High utility sequential pattern (HUSP) mining has emerged as a novel topic in data mining. Although some preliminary works have been conducted on this topic, they incur the problem of producing a large search space for high utility sequential patterns. In addition, they mainly focus on mining HUSPs in static databases and do not take streaming data into account, where unbounded data come continuously and often at a high speed. To efficiently deal with both problems, we propose a novel framework for mining high utility sequential patterns over static and streaming databases. In this regard, two efficient data structures named ItemUtilLists (Item Utility Lists) and HUSP-Tree (High Utility Sequential Pattern Tree) are proposed to maintain essential information for mining HUSPs in both offline and online fashions. In addition, a novel utility model called Sequence-Suffix Utility is proposed for effectively pruning the search space in HUSP mining. We propose an algorithm named HUSP-Miner (High Utility Sequential Pattern Miner) to find HUSPs in static databases efficiently.
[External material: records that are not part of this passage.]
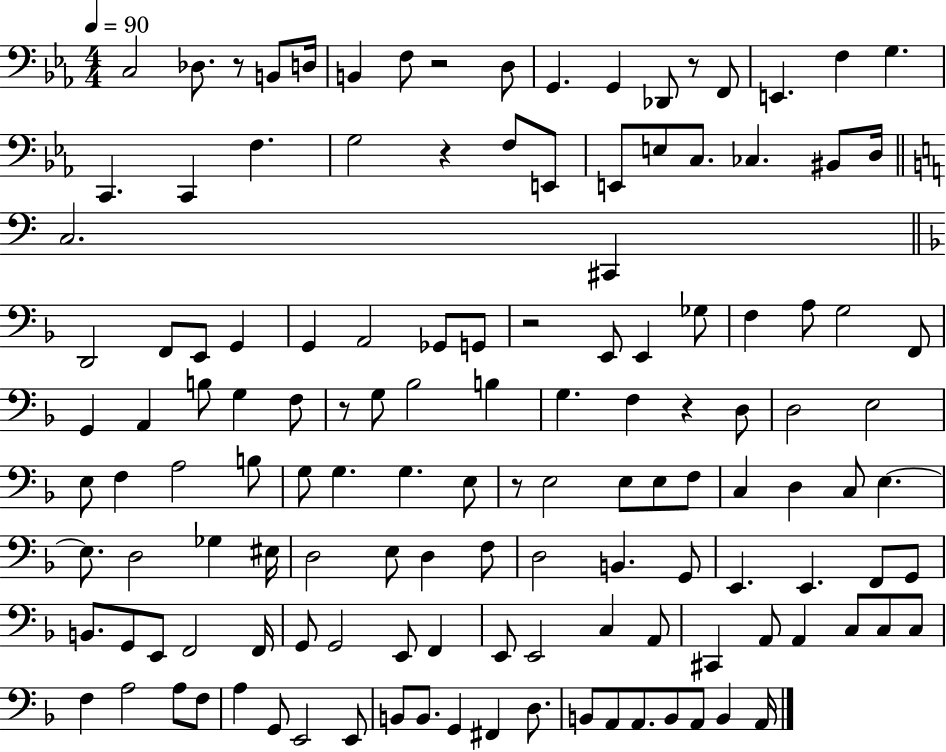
C3/h Db3/e. R/e B2/e D3/s B2/q F3/e R/h D3/e G2/q. G2/q Db2/e R/e F2/e E2/q. F3/q G3/q. C2/q. C2/q F3/q. G3/h R/q F3/e E2/e E2/e E3/e C3/e. CES3/q. BIS2/e D3/s C3/h. C#2/q D2/h F2/e E2/e G2/q G2/q A2/h Gb2/e G2/e R/h E2/e E2/q Gb3/e F3/q A3/e G3/h F2/e G2/q A2/q B3/e G3/q F3/e R/e G3/e Bb3/h B3/q G3/q. F3/q R/q D3/e D3/h E3/h E3/e F3/q A3/h B3/e G3/e G3/q. G3/q. E3/e R/e E3/h E3/e E3/e F3/e C3/q D3/q C3/e E3/q. E3/e. D3/h Gb3/q EIS3/s D3/h E3/e D3/q F3/e D3/h B2/q. G2/e E2/q. E2/q. F2/e G2/e B2/e. G2/e E2/e F2/h F2/s G2/e G2/h E2/e F2/q E2/e E2/h C3/q A2/e C#2/q A2/e A2/q C3/e C3/e C3/e F3/q A3/h A3/e F3/e A3/q G2/e E2/h E2/e B2/e B2/e. G2/q F#2/q D3/e. B2/e A2/e A2/e. B2/e A2/e B2/q A2/s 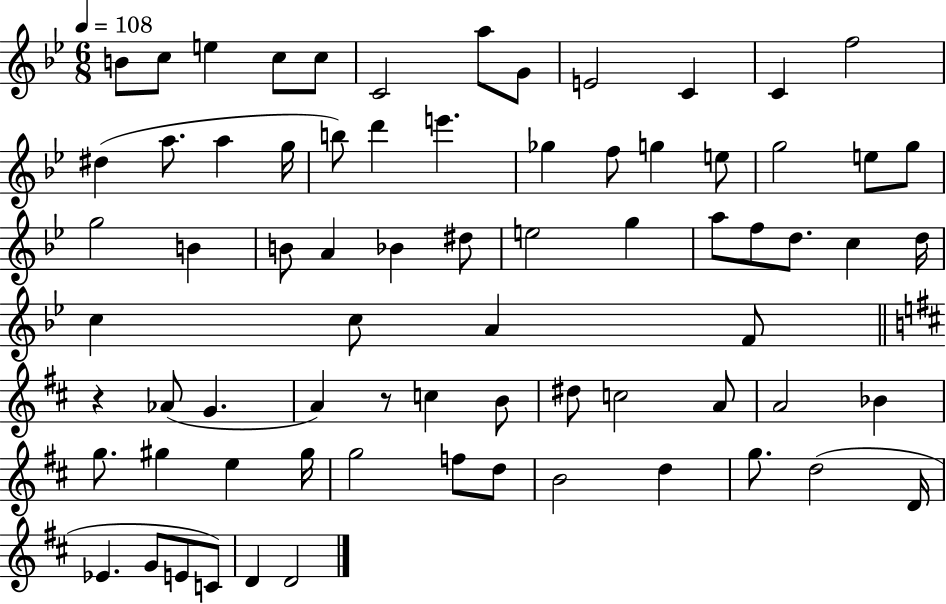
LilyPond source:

{
  \clef treble
  \numericTimeSignature
  \time 6/8
  \key bes \major
  \tempo 4 = 108
  b'8 c''8 e''4 c''8 c''8 | c'2 a''8 g'8 | e'2 c'4 | c'4 f''2 | \break dis''4( a''8. a''4 g''16 | b''8) d'''4 e'''4. | ges''4 f''8 g''4 e''8 | g''2 e''8 g''8 | \break g''2 b'4 | b'8 a'4 bes'4 dis''8 | e''2 g''4 | a''8 f''8 d''8. c''4 d''16 | \break c''4 c''8 a'4 f'8 | \bar "||" \break \key d \major r4 aes'8( g'4. | a'4) r8 c''4 b'8 | dis''8 c''2 a'8 | a'2 bes'4 | \break g''8. gis''4 e''4 gis''16 | g''2 f''8 d''8 | b'2 d''4 | g''8. d''2( d'16 | \break ees'4. g'8 e'8 c'8) | d'4 d'2 | \bar "|."
} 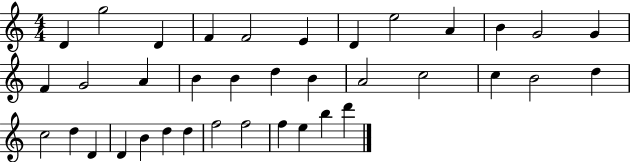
D4/q G5/h D4/q F4/q F4/h E4/q D4/q E5/h A4/q B4/q G4/h G4/q F4/q G4/h A4/q B4/q B4/q D5/q B4/q A4/h C5/h C5/q B4/h D5/q C5/h D5/q D4/q D4/q B4/q D5/q D5/q F5/h F5/h F5/q E5/q B5/q D6/q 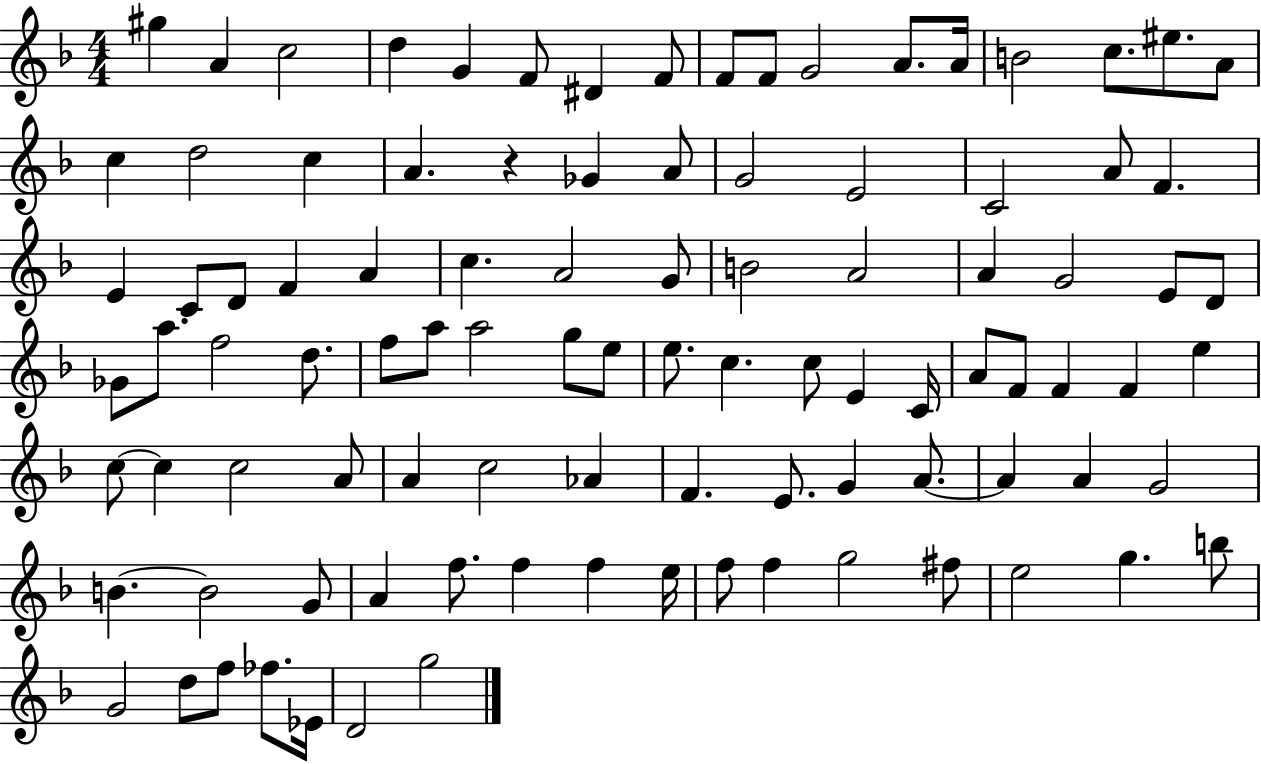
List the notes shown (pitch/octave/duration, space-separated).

G#5/q A4/q C5/h D5/q G4/q F4/e D#4/q F4/e F4/e F4/e G4/h A4/e. A4/s B4/h C5/e. EIS5/e. A4/e C5/q D5/h C5/q A4/q. R/q Gb4/q A4/e G4/h E4/h C4/h A4/e F4/q. E4/q C4/e D4/e F4/q A4/q C5/q. A4/h G4/e B4/h A4/h A4/q G4/h E4/e D4/e Gb4/e A5/e. F5/h D5/e. F5/e A5/e A5/h G5/e E5/e E5/e. C5/q. C5/e E4/q C4/s A4/e F4/e F4/q F4/q E5/q C5/e C5/q C5/h A4/e A4/q C5/h Ab4/q F4/q. E4/e. G4/q A4/e. A4/q A4/q G4/h B4/q. B4/h G4/e A4/q F5/e. F5/q F5/q E5/s F5/e F5/q G5/h F#5/e E5/h G5/q. B5/e G4/h D5/e F5/e FES5/e. Eb4/s D4/h G5/h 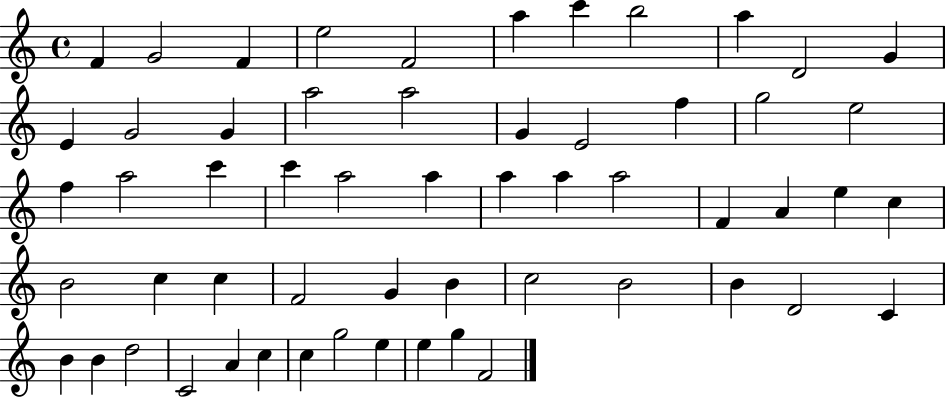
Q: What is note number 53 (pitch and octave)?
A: G5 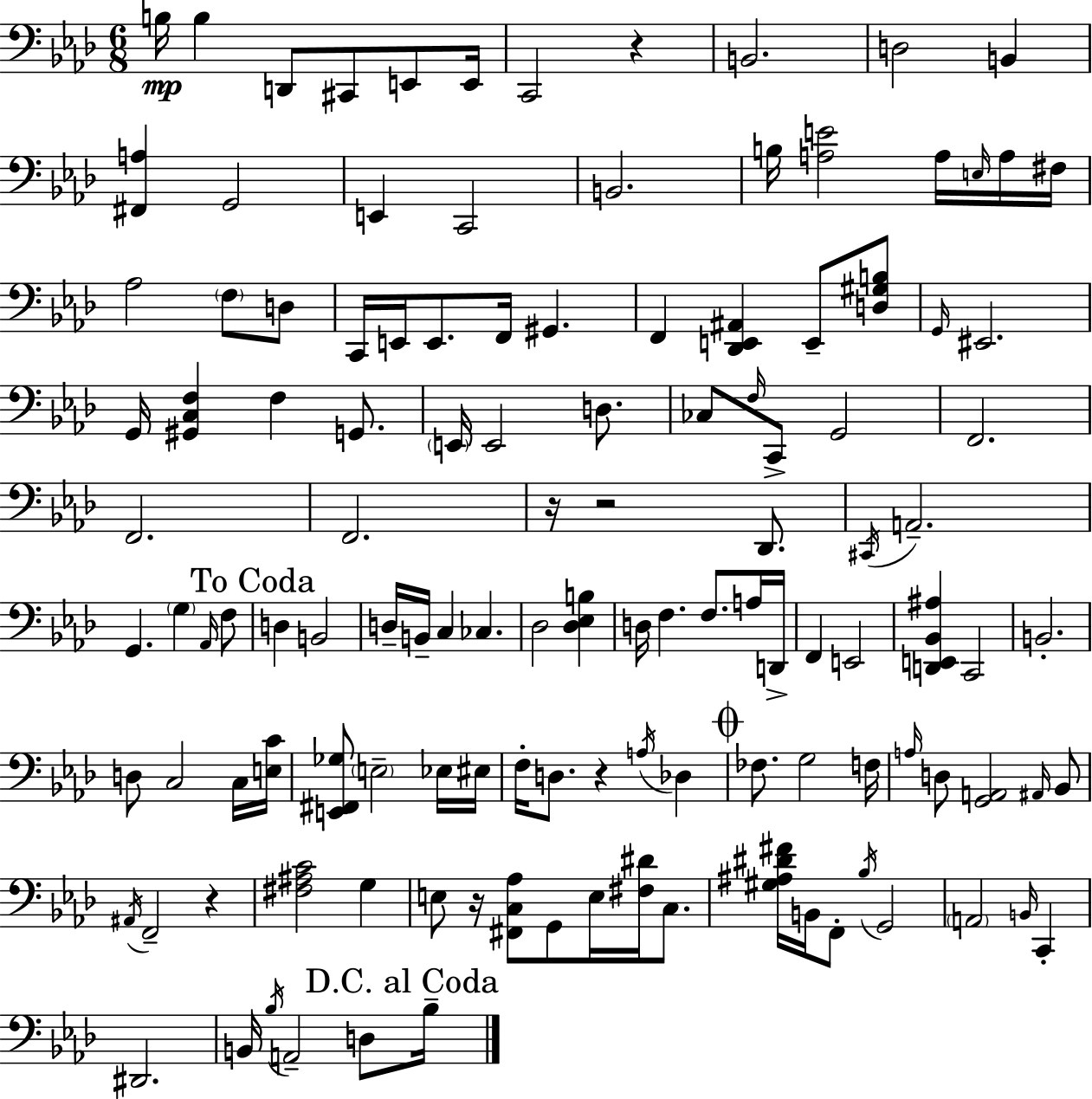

Then, a one-pass algorithm named HUSP-Stream (High Utility Sequential Pattern mining over Data Streams) is proposed to incrementally update ItemUtilLists and HUSP-Tree online and find HUSPs over data streams. To the best of our knowledge, HUSP-Stream is the first method to find HUSPs over data streams. Experimental results on both real and synthetic datasets show that HUSP-Miner outperforms the compared algorithms substantially in terms of execution time, memory usage and number of generated candidates. The experiments also demonstrate impressive performance of HUSP-Stream to update the data structures and discover HUSPs over data streams.
- data streams
- High utility sequential pattern mining
- sliding window